Data for this exercise>
◆ ◆ ◆

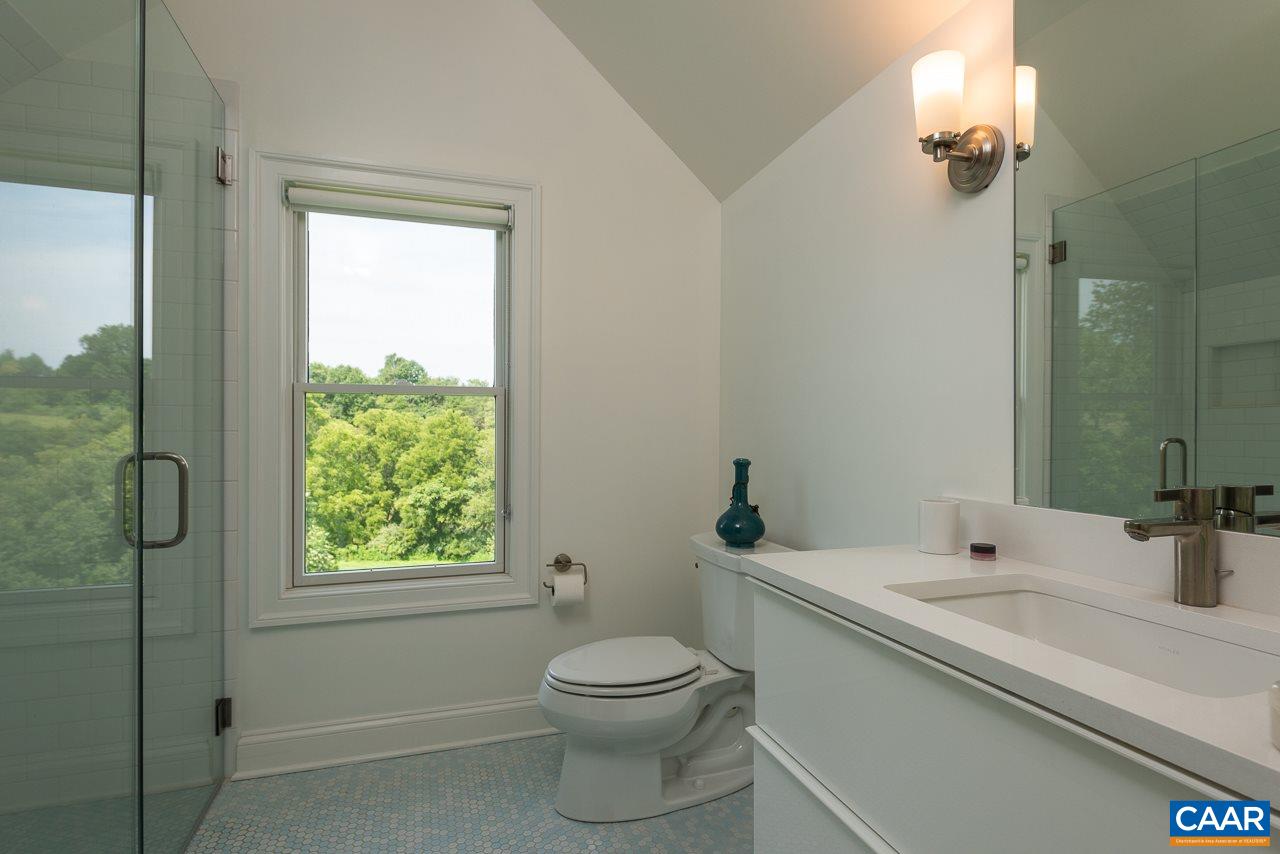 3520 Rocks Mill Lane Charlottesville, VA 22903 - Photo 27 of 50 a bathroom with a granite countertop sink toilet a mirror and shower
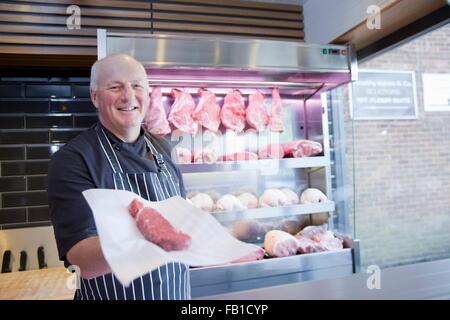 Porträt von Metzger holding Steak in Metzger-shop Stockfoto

◆ ◆ ◆

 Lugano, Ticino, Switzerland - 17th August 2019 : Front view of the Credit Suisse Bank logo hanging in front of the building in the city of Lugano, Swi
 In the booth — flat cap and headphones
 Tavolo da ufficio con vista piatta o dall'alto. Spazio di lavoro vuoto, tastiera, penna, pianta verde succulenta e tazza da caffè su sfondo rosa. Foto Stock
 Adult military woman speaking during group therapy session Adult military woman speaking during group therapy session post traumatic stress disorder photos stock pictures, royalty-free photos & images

◆ ◆ ◆

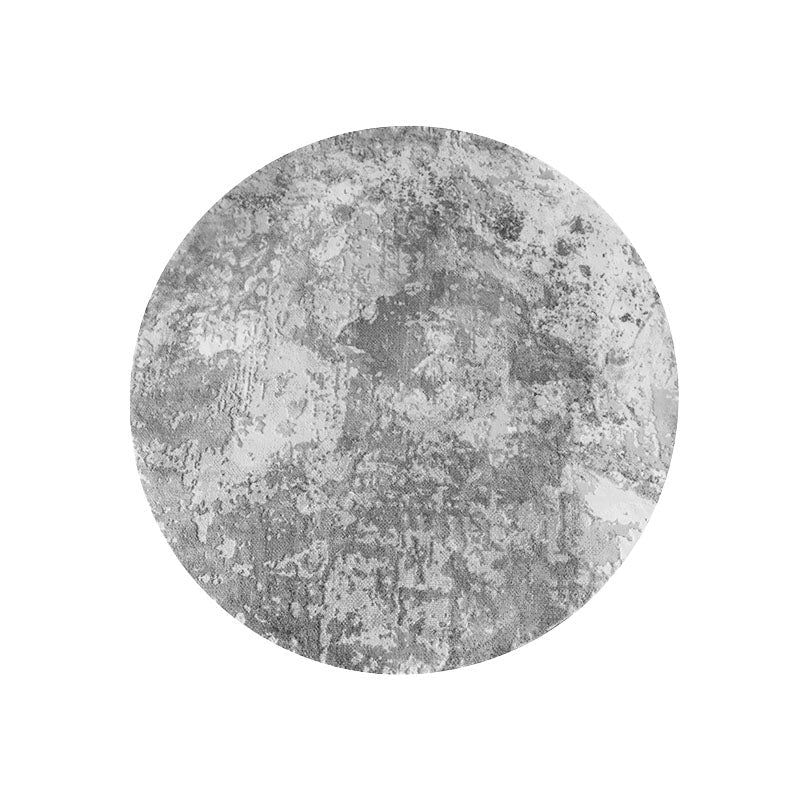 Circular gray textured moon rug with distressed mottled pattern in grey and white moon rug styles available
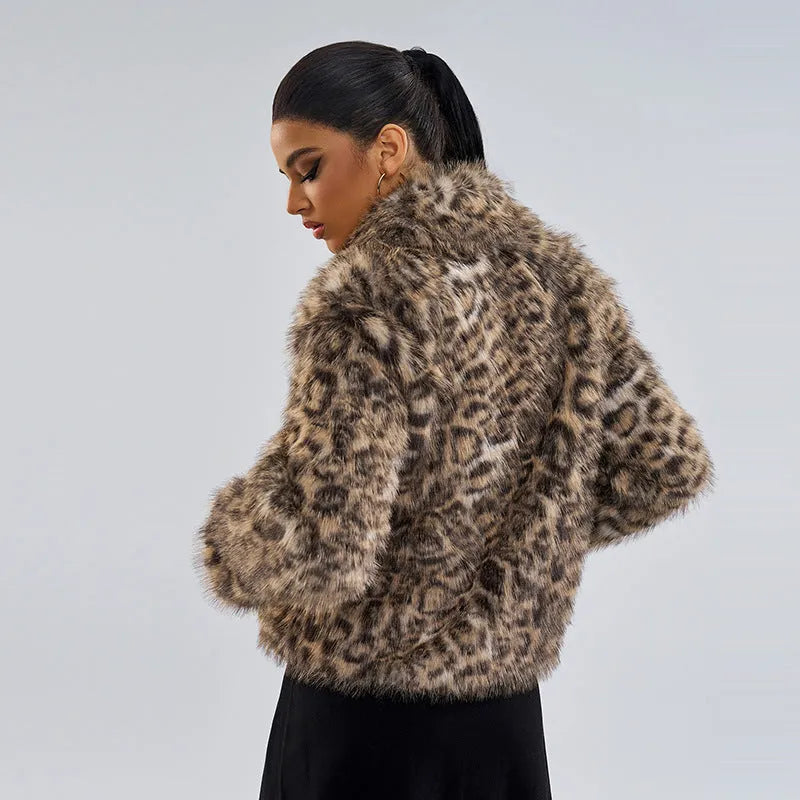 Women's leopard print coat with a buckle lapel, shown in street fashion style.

◆ ◆ ◆

Task brief> Within the entries above, give again exactly the lines starting at the one that contains "3520 Rocks Mill" and ending at the one that contains "Porträt von Metzger", leaving out the pictures.

Answer>
 3520 Rocks Mill Lane Charlottesville, VA 22903 - Photo 27 of 50 a bathroom with a granite countertop sink toilet a mirror and shower
 Porträt von Metzger holding Steak in Metzger-shop Stockfoto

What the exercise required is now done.